Use the command from the Data Collector installation directory as follows:
bin/streamsets stagelib-cli jks-credentialstore add \
(-i <cstore ID> | --id <cstore ID>) \
(-n <secret name> | --name <secret name>) \
(-c <secret value> | --credential <secret value>)
Add Option Description
-i <cstore ID>

or

--id <cstore ID>

Required. Unique ID for the credential store.

The default ID for a Java keystore is jks.

-n <secret name>

or

--name <secret name>

Required. Name of the secret to add to the Java keystore credential store.

If the name includes non-alphanumeric characters, use single quotation marks around the name.

-c <secret value>

or

--credential <secret value>

Required. Value to add to the Java keystore credential store.

If the value includes non-alphanumeric characters, use single quotation marks around the value.

For example, the following command adds a secret named OracleDBPassword with the value df35yT_&5 to the devjks Java keystore credential store:

bin/streamsets stagelib-cli jks-credentialstore add -i devjks -n OracleDBPassword -c 'df35yT_&5'
delete
Deletes a secret from the Java keystore credential store.
Use the command from the Data Collector installation directory as follows:
bin/streamsets stagelib-cli jks-credentialstore delete \
(-i <cstore ID> | --id <cstore ID>) \
(-n <secret name> | --name <secret name>)
Delete Option Description
-i <cstore ID>

or

--id <cstore ID>

Required. Unique ID for the credential store.

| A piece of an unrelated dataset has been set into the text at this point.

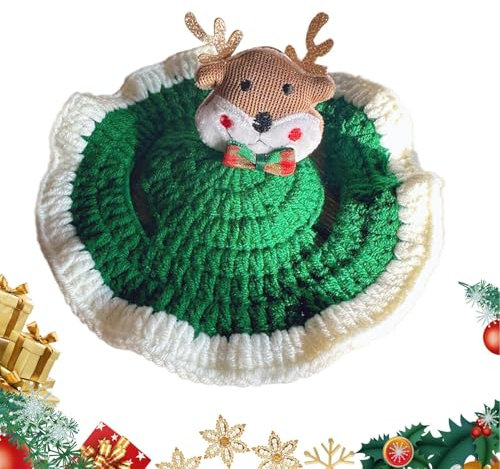 Sionhiuo Weihnachtsmütze für Katzen, Weihnachtsmütze für Haustiere, Hund gestrickte Weihnachtsmütze, Weihnachtsmann Cosplay Hut mit Elch für Kätzchen Wolle Stricken Haustier Kopfbedeckung Fotografie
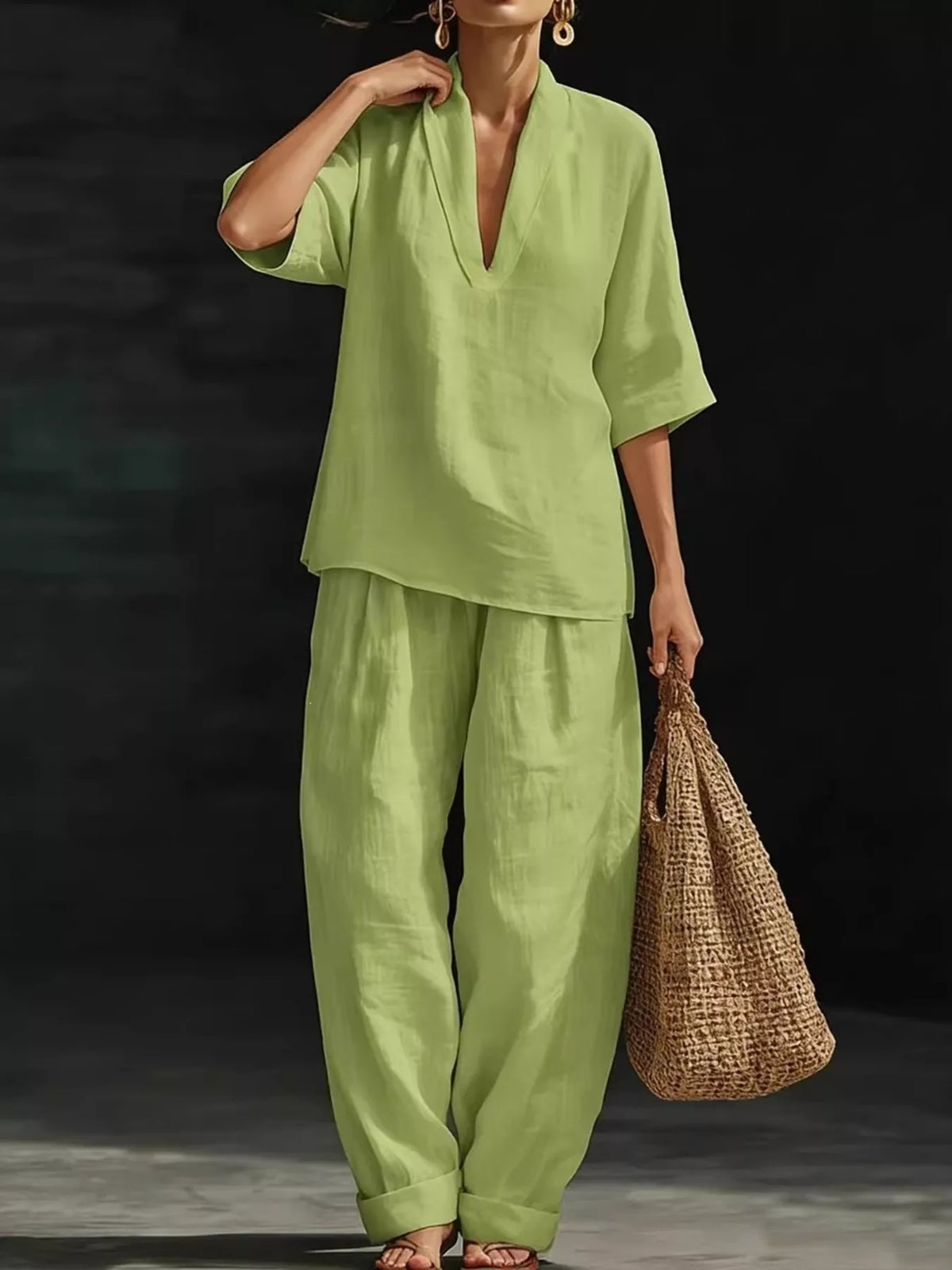 Half-sleeve wide-leg pants set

The default ID for a Java keystore is jks.

-n <secret name>

or

--name <secret name>

Required. Name of the secret to delete from the Java keystore credential store.

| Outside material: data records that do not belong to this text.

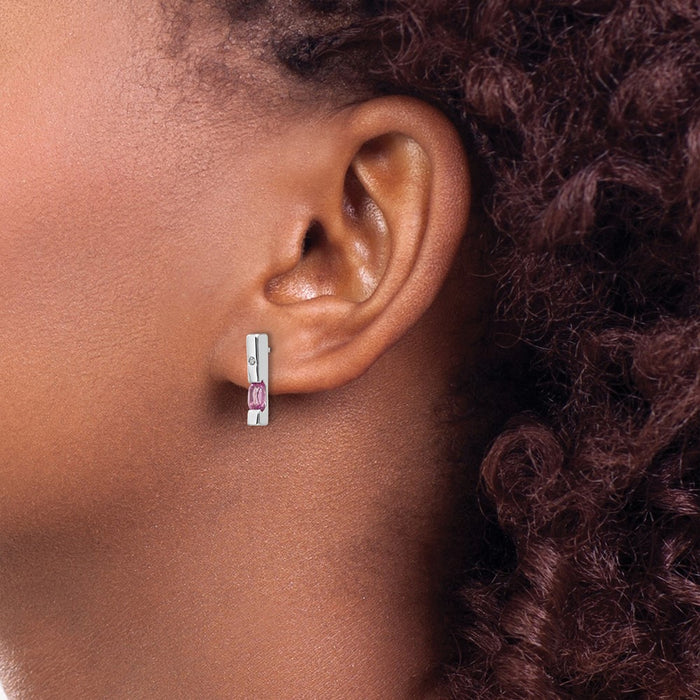 Buy Exclusive Rhodium-Plated Sterling Silver Dangle Earrings with Diamonds & Pink Tourmaline - Stylish Luxury!-3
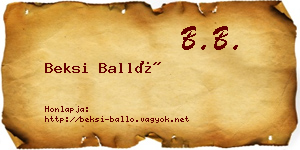 Beksi Balló névjegykártya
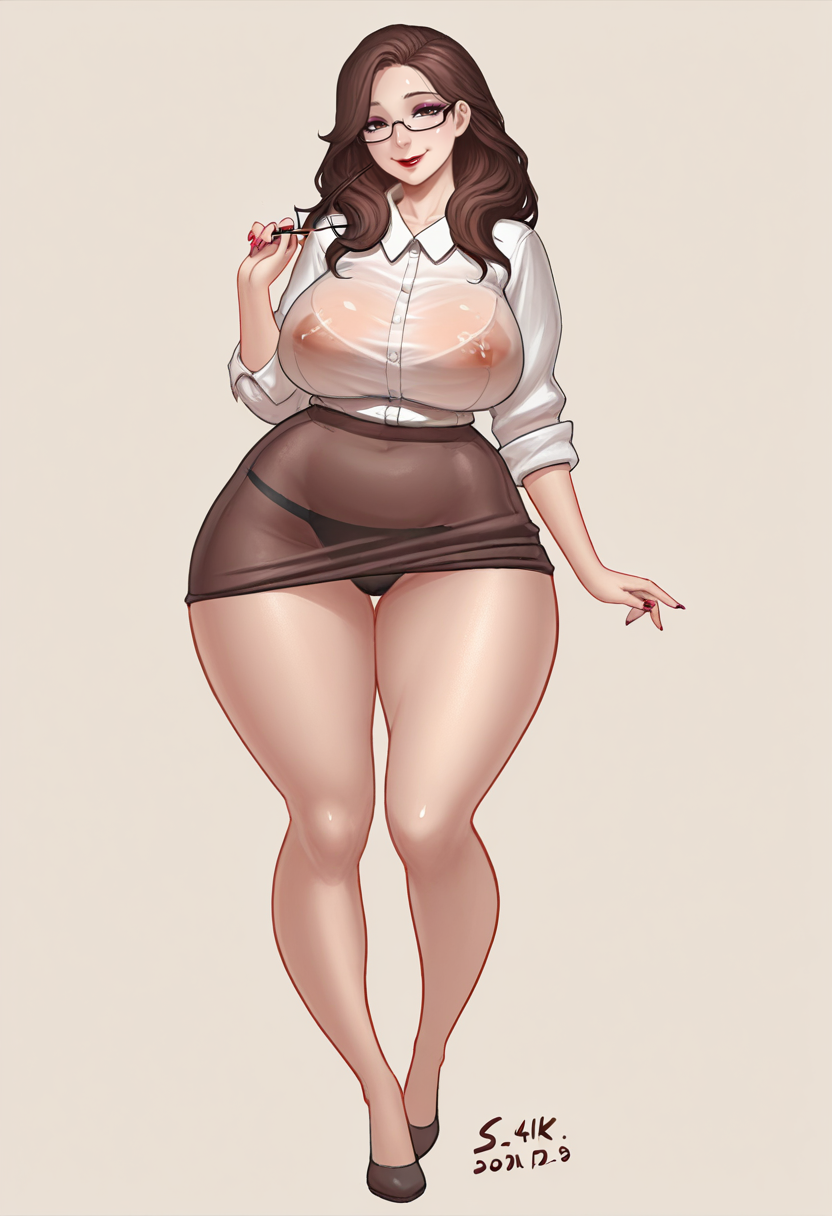 masterpiece, best quality, S4s4k1Nsfw, 
 <lora:69_Marshviolet8:1> 1girl, breasts, brown hair, solo, glasses, panties, underwear, see-through, long hair, shirt, curvy, skirt, wide hips, simple background, full body, large breasts, smile, makeup, nail polish, looking at viewer, lipstick, dated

If the name includes non-alphanumeric characters, use single quotation marks around the name.

For example, the following command deletes a secret named SQLServerDBPassword from the devjks Java keystore credential store:
bin/streamsets stagelib-cli jks-credentialstore delete -i devjks -n SQLServerDBPassword
list
Lists the names of all secrets defined in the Java keystore credential store. The command does not list the values.
Use the command from the Data Collector installation directory as follows:
bin/streamsets stagelib-cli jks-credentialstore list \
(-i <cstore ID> | --id <cstore ID>)
List Option Description
-i <cstore ID>

or

--id <cstore ID>

Required. Unique ID for the credential store.

The default ID for a Java keystore is jks.

For example, the following command lists the names of all secrets defined in the devjks Java keystore credential store:
bin/streamsets stagelib-cli jks-credentialstore list -i devjks

Calling secrets from the flow

Specify credential functions in stage properties to retrieve keys or secrets from a credential store.

You can use credential functions in any stage property that displays an eye icon. For example:

Stage properties with eye icons.

Important: When you use a credential function in a stage property, the function must be the only value defined in the property.

For details about credential functions, see Credential functions.